Adding get_many() to Mapping

mauve · March 7, 2019, 2:43pm

Reading PEP-584 reminds me that a few times I have wished for a few bulk operators on dict (indeed, collections.abc.Mapping) - operations that PEP-584 doesn’t cover.

Might something like this fly as a PEP?

Proposal

d.get_many(keys) would return a new mapping that contains any items in d whose keys are in keys, equivalent to

K, V = map(TypeVar, 'KV')

def get_many(self: Mapping[K, V], keys: Iterable[K]) -> Mapping[K, V]:
    found = {}
    missing = object()
    for k in keys:
        v = self.get(k, missing)
        if v is not missing:
            found[k] = v
    return type(self)(found)

This generalises to a .pop_many() on MutableMapping, and a .del_many(). .update() is already available as a bulk set/insert operation, and the constructor of most mappings takes a mapping. That then completes a bulk CRUD API.

Rationale

Filtering

get_many() in dicts is often useful (much like set intersection is useful). Filtering down a dict comes up frequently:

# Retrieve global config section from flat dict
global_config = conf.get_many(k for k in conf.keys() if k.startswith('global.'))

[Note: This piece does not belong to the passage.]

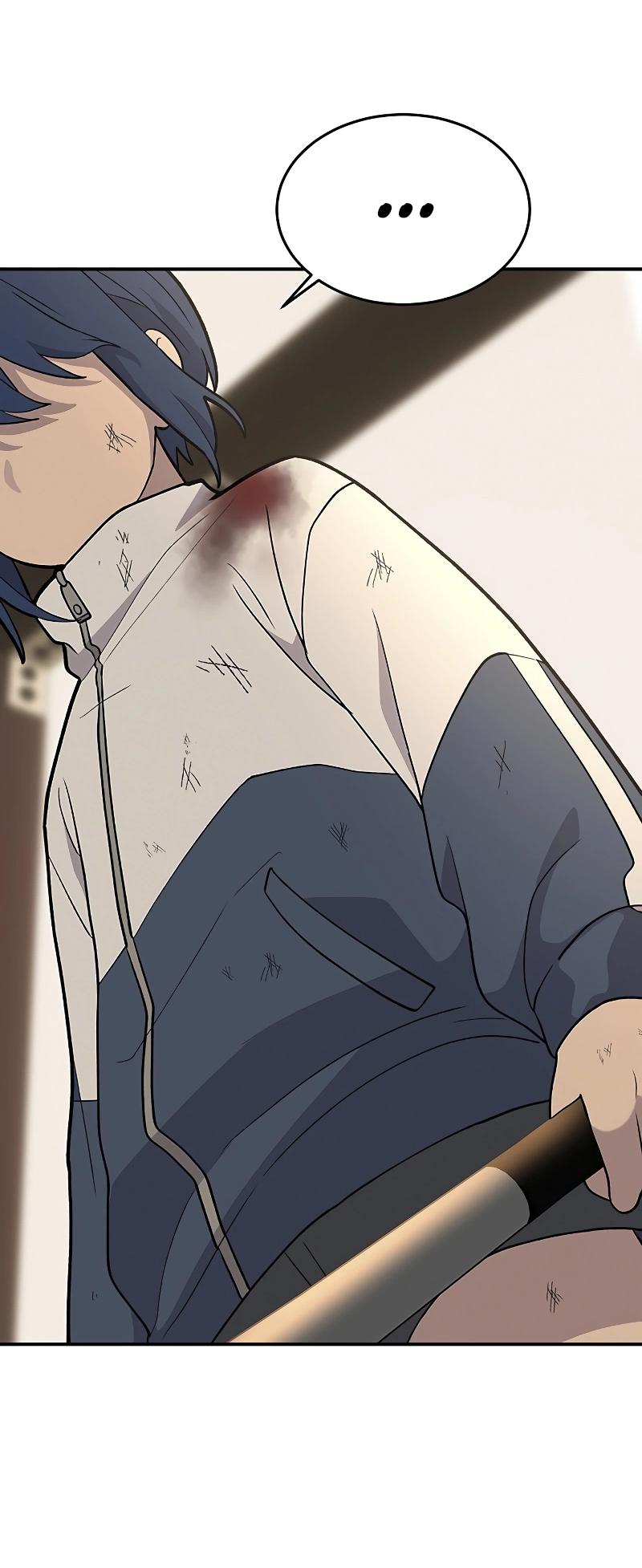 Манга Неудержимая Чхве Ха Ён - Глава 89 Страница 29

# Run subprocess with clean environment
subprocess.run(..., env=os.environ.get_many(['PATH', 'HOME', 'LANG', 'LC_ALL']))

Duck-typing with network services

The get_many operation offers an important performance optimisation for Mappings that are backed by network services. Requesting multiple keys at the same time can often be done in one query, reducing the operation from n round-trips to 1 round-trip. Memcached and Redis, for example, provide this operation.

redis = Redis(...)
print(redis.get_many(queries))    # fast, uses MGET operation

Services that do not support this operation might at least be able to use pipelining or concurrency to optimise a get_many(). The generic implementation would suffice for implementations where no performance improvement is possible.

A Redis driver could have its own method for this operation. The problem then is that this prevents duck-typing. A dict is not a suitable alternative implementation; indeed the implementation in a Redis library is likely to have a different name to one in an ElasticSearch library, so they cannot be exchanged for one another.

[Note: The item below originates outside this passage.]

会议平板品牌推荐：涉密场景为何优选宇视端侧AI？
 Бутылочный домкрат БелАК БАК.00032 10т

pf_moore · March 7, 2019, 10:21pm

{k: d[k] for k in keys} seems like a pretty readable way of writing your get_many, which works in Python now.

mauve · March 18, 2019, 3:00pm

That’s not quite the same, as it raises KeyError for any key in keys not in d. This would be closer:

{k: d[k] for k in keys if k in d}

zuo · April 15, 2019, 1:19am

The last two posts show that it is not obvious at the first sight whether non-existent keys are ignored or cause an exception. Maybe intersection operator would be better…

apalala · April 15, 2019, 2:04am

An intersection operator between dict and set is part of the discussion on operators over dict for 3.8:

filtered_dict = d & {'b', 'd'}

mjpieters · April 15, 2019, 3:06pm

It’s more of an ‘select’ or ‘intersection’ operation. And because dictionary keys are unique, should the function perhaps accept a set of keys instead of an iterable?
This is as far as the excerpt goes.